Cora Coralina: poeta brasileira | Foto: Reprodução

Quem escreve, seja movido pela inquietação ou satisfação da alma, não consegue ficar calado. Engolir a saliva, ou melhor, ficar calado pode ocasionar a morte por engasgamento de silêncio. O que pode resultar em impotência existencial. Fato que leva ao fechamento da janela da vida para a entrada do sol, o qual, segundo Fernando Pessoa (um dos meus poetas preferidos), cuja luz “vale mais que os pensamentos de todos os filósofos e de todos os poetas”.

Porém não foi a luz do sol, mas sim a da poesia que me ensinou a copular com a vida de maneira prazerosa, e assim não permitir que minha existência seja um amontoado de dias transcorrendo de modo enfadonho e que eu não me sente no sofá e seja feliz simplesmente porque minha vida está durando e eu seguindo, com passos trôpegos, a “lição da raiz: ter por vida a sepultura”. (Tomara que Pessoa e Raul Seixas não se importem da mistureba que fiz das palavras deles.)

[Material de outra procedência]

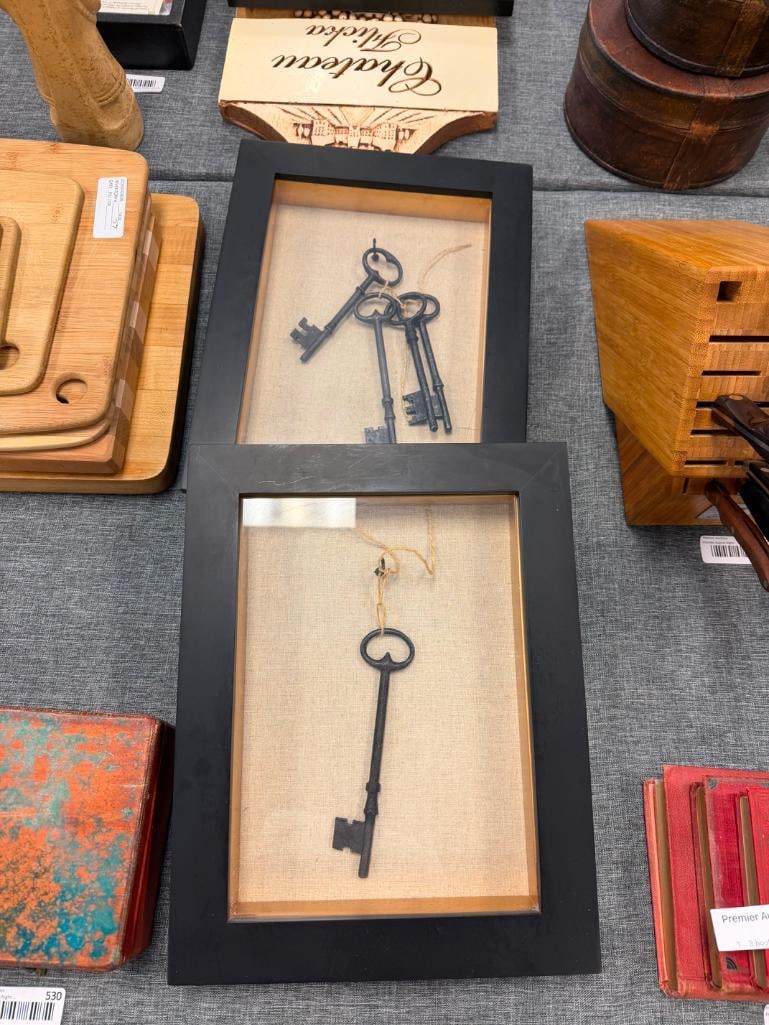 CONTEMPORARY SHADOW BOXES WITH DECORATIVE SKELETON KEYS - 2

Pintura de Jonathan Wolstenholme

Sobre o amigo que não leu meu livro e finge ter lido, conforme consta no título, vamos a ele antes que minha digressão gere um nariz de cera maior que o nariz do ator Gérard Depardieu (ou seja, quase um corpo de cera). Até hoje só dei conta de parir dois livros. Eu poderia ter partejado mais, no entanto a ausência de leitores me contém nesse propósito. Essa fuga da leitura é tão explícita que tem gente pegando ônibus errado por não ler o letreiro que mostra o destino do veículo.

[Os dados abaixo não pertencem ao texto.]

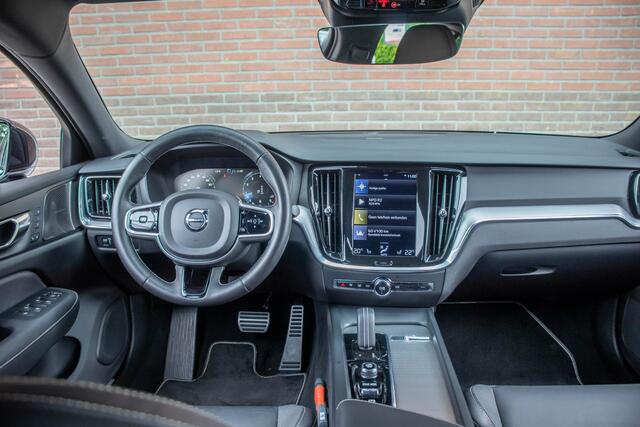 Volvo S60 B4 R-Design, Harman/Kardon, Stoel & Stuurverwarming, Trekhaak, Camera, Memory, Carplay, Adaptive Cruise.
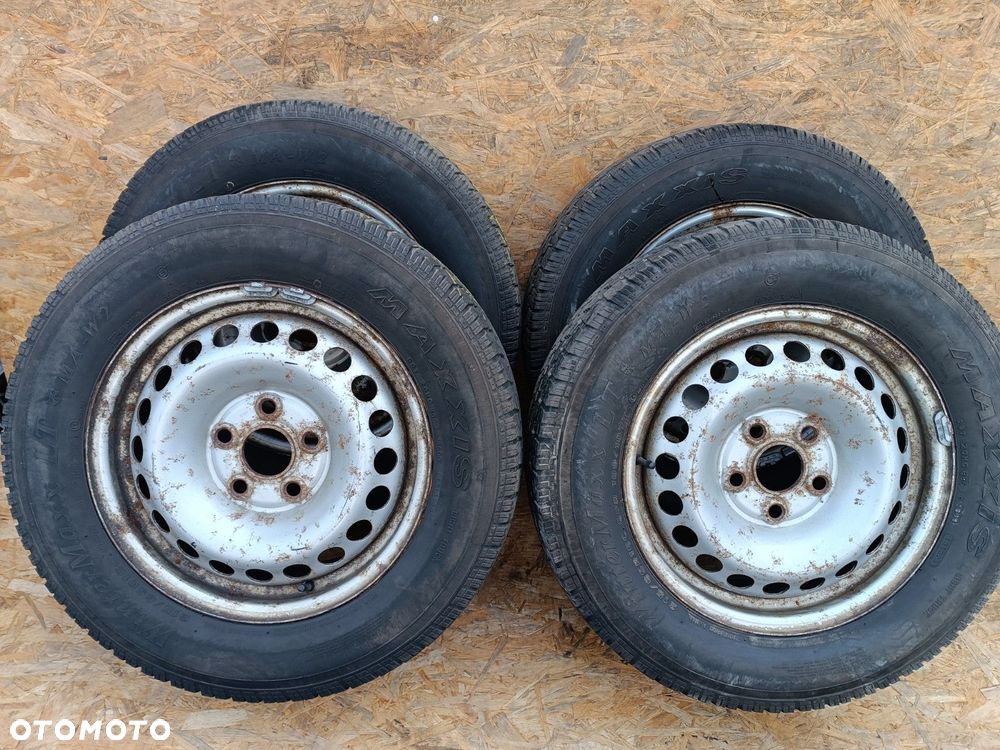 FELGI stalowe  5x120 fi65 4SZTOpony VinterMaxx 215/60R16C 8mm - 1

Pensei que estrearia no mundo literário com um livro de poesia, mas acabei publicando um de crônicas: “Coração Seco Não Chove nos Olhos”. E foi justamente com tal obra que presenteei meu amigo, isso a pedido dele. Há mais de três anos que lhe fiz um autógrafo todo especial, mas não tão especial como os dados pela poeta Cora Coralina, que praticamente escrevia um poema nas suas dedicatórias. Ela, em 1982, me mandou casar, ter filhos, plantar uma oliveira.

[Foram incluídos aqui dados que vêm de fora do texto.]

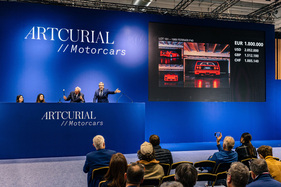 Bild Ferrari F40 (1989) - als Lot 161 an der Artcurial-Versteigerung anlässlich der Rétromobile Paris am 18. März 2022 über den Erwartungen verkauft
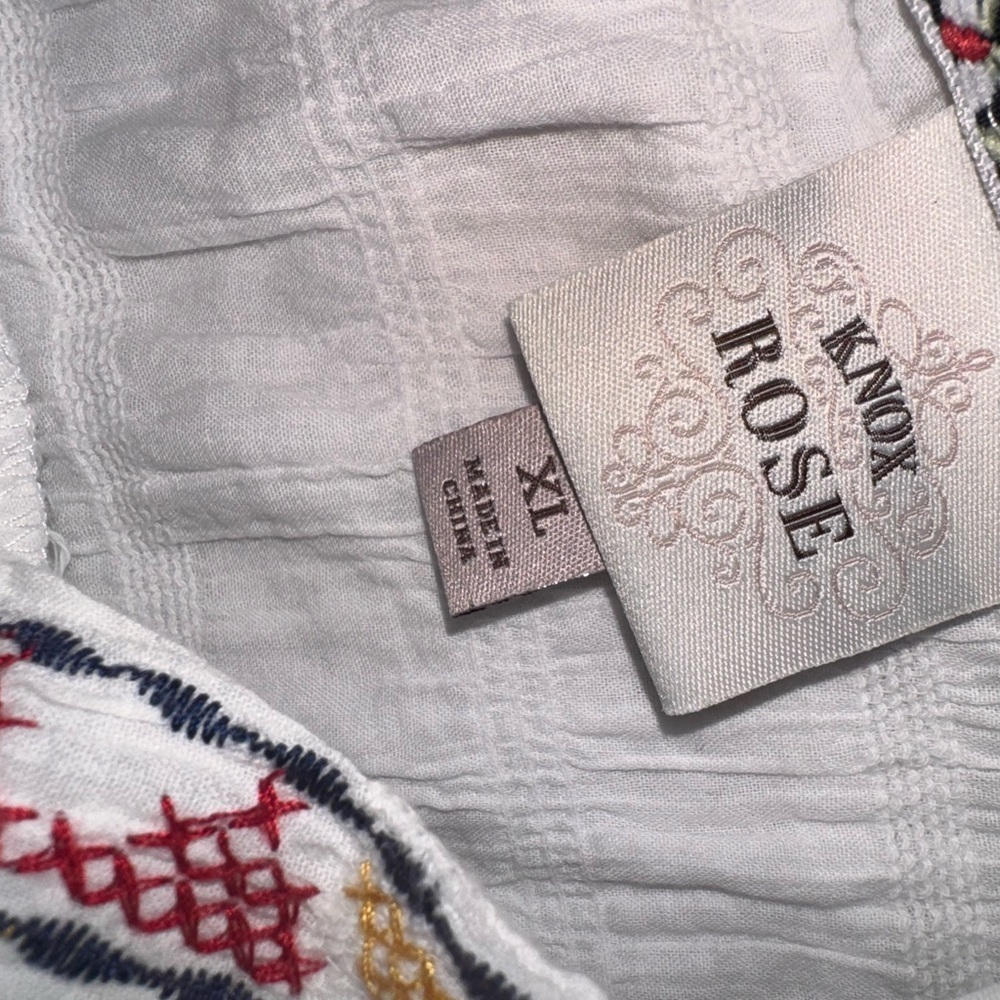 Knox Rose White Peasant Blouse with Multicolor Floral Embroidery - Picture 4 of 5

Sempre que encontro esse amigo, o que não é frequente, ele praticamente repete a mesma coisa: diz que gostou demais do livro e pergunta se há outro a caminho. E eu dou corda à sua conversa mole. No dia em que lhe dei a obra, isso num evento cultural, ele, outros amigos e eu tomamos chope artesanal pra nos distrair. Bebi uns três copos, o tal amigo foi bem além de mim. E isso o fez ficar um pouco chapado e assim esquecer “Coração Seco Não Chove nos Olhos” sobre a mesa cheia de copos com restos de chope.

Ouvi os gritos do meu filho literário chamando por mim, desesperado pelo abandono. Sobracei-o e o levei embora. Pensei em representeá-lo a esse amigo, mas me desconvenci dessa intenção. Afinal há coisas mais interessantes para esse amigo ler. Eu, por exemplo, não leria Sinésio Dioliveira, mas sim cronistas verdadeiramente cronistas, como Rubem Braga, Fernando Sabino, Carlos Drummond de Andrade, entre outros.